Baked Cranberry Meatballs

There is magic, at this time of the year, and my meatballs have been touched by this magic.  I make meatballs, throughout the year and while they are good, they are not the top of the line.  The Passover meatballs were unbelievable.  I did put a lot of chopped vegetables in them and I have discovered that vegetables can be more powerful than spices.

My guests raved about them and I had to hide a few for after the holiday since I had not eaten them, at them meal, they were served.  One of the problems, for me, about food on Passover is that with four filling meals to eat, by the fourth, there is nothing I want to eat.  The first meal is appreciated and by the second, I eat but am pulling back.  The third, I eat minimally, a taste of this and a taste of that and finally, the fourth meal, I select one dish and eat just a little bit.  I can’t say the same about the others, at the table, who had no such issue.  They ate heartily.  When I saw my husband, going for seconds, I had to control myself , not to take the dish from him.

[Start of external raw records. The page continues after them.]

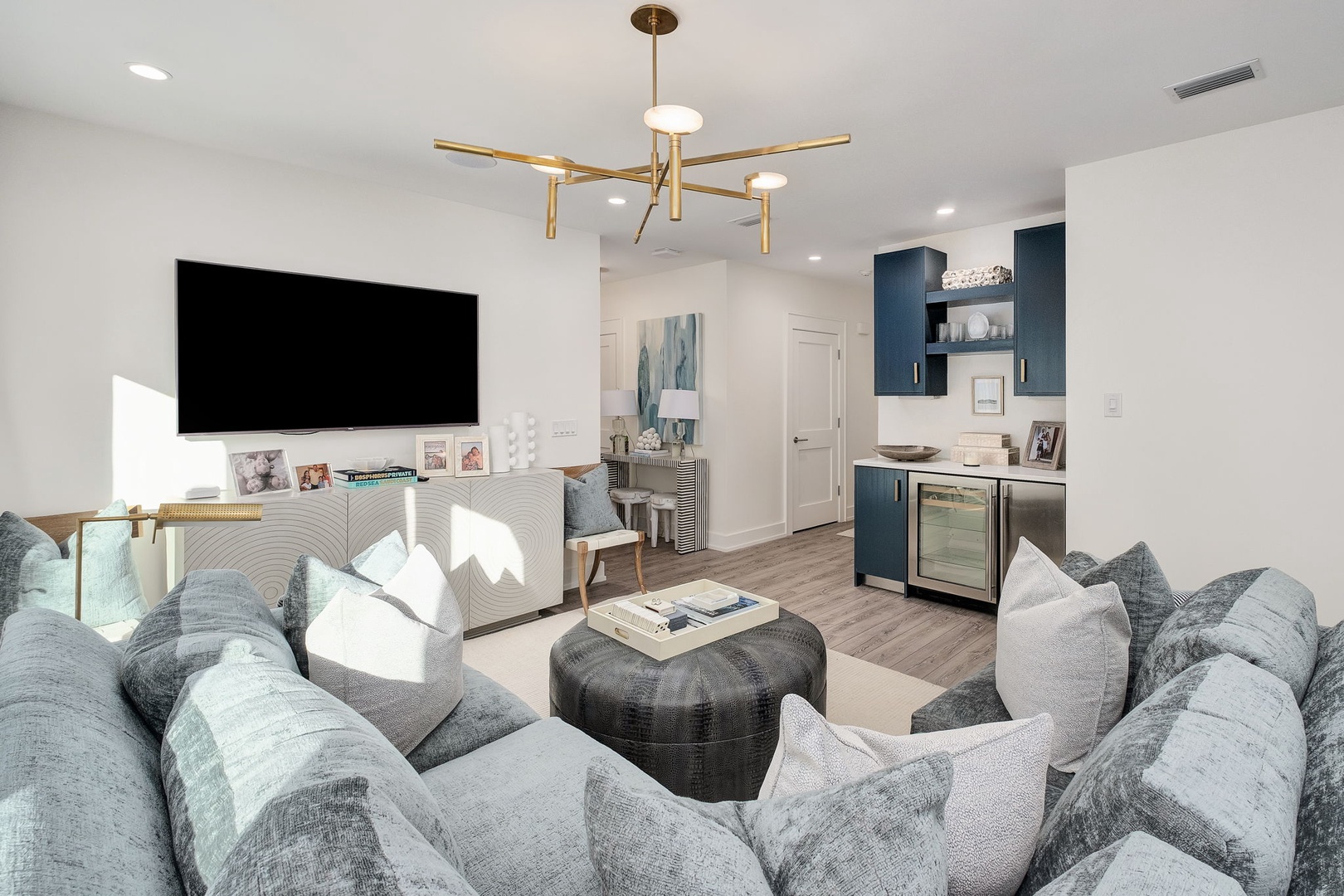Sink into plush seating beneath a modern chandelier as sunlight streams across your open living space, where sleek styling and thoughtful amenities create your perfect retreat.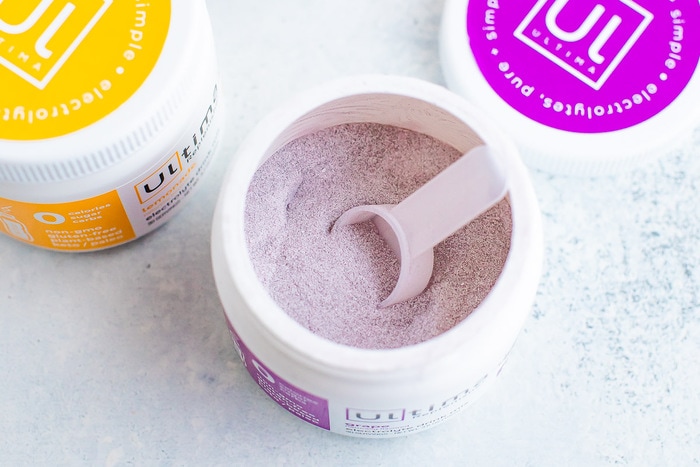 Little scooper in a jar of grape electrolyte powder.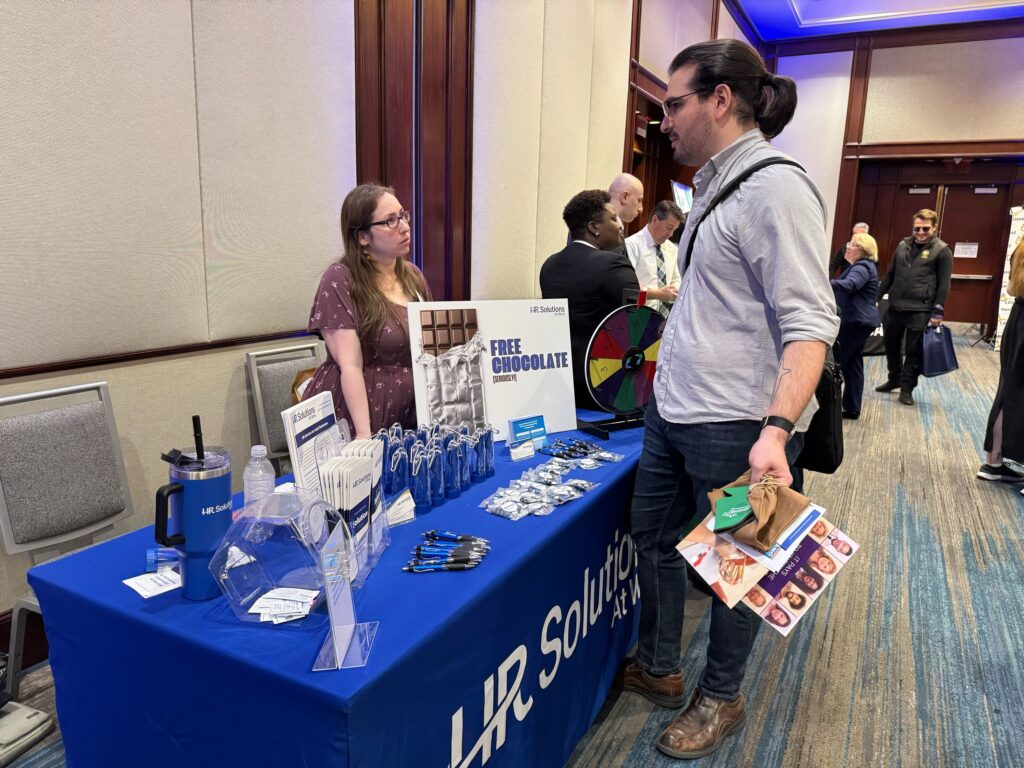 A man and woman converse across a table at the 2024 Waltham Expo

I finally ate a meatball, last night, after the holiday was over and I thought it was a magical meatball, also.  The magic of Passover appears to pass its wand over all our food.  Chicken soup never tastes better.  Brownies made from potato starch are transformed to chewy masterpieces.  It must be the holiday

Cranberry Meatballs


1 pound chopped chicken

1 pound chopped turkey

3 tablespoons ground nuts (I used walnuts.)

3 tablespoons potato starch

1 egg

1/8 teaspoon of black pepper

1/2 onion, finely chopped

1/4 green pepper, finely chopped

1/4 red pepper, finely chopped

1/2 cup shredded carrots

1 tablespoon chopped fresh parsley

1/4 teaspoon garlic powder

1/2 teaspoon onion powder


3 cups Marinara sauce

1 can smooth cranberry sauce

1 tablespoon lemon juice

1/2 cup ketchup

1 tablespoon brown sugar


Preheat over to 400 degrees F.

Mix ground turkey and beef with walnuts, potato starch and black pepper.  Mix in the egg well.  Add chopped and shredded vegetables.  Add garlic and onion powder.

Form meatballs into round globes.  I used a quarter cup measure to determine the size of these meatballs.

Place meatballs on a cookie sheet and bake for 25 minutes.

While meatballs are baking, combine sauce ingredients, Marinara sauce, ketchup, cranberry sauce, lemon juice and brown sugar.  Mix until cranberry sauce is incorporated into the sauce.

Remove meat from the oven and drain before dropping into the sauce.  When you put the meatballs into sauce,  swirl them around so they are all coated.

If it was not Passover, I would probably serve these with rice. 

This is linked to   $5 Dinner Challenge

2 comments on “Baked Cranberry Meatballs

  1. Oh they sound delicious and very interesting! Magic, of course. :-)

    “Oh, the lovely fickleness of an April day!”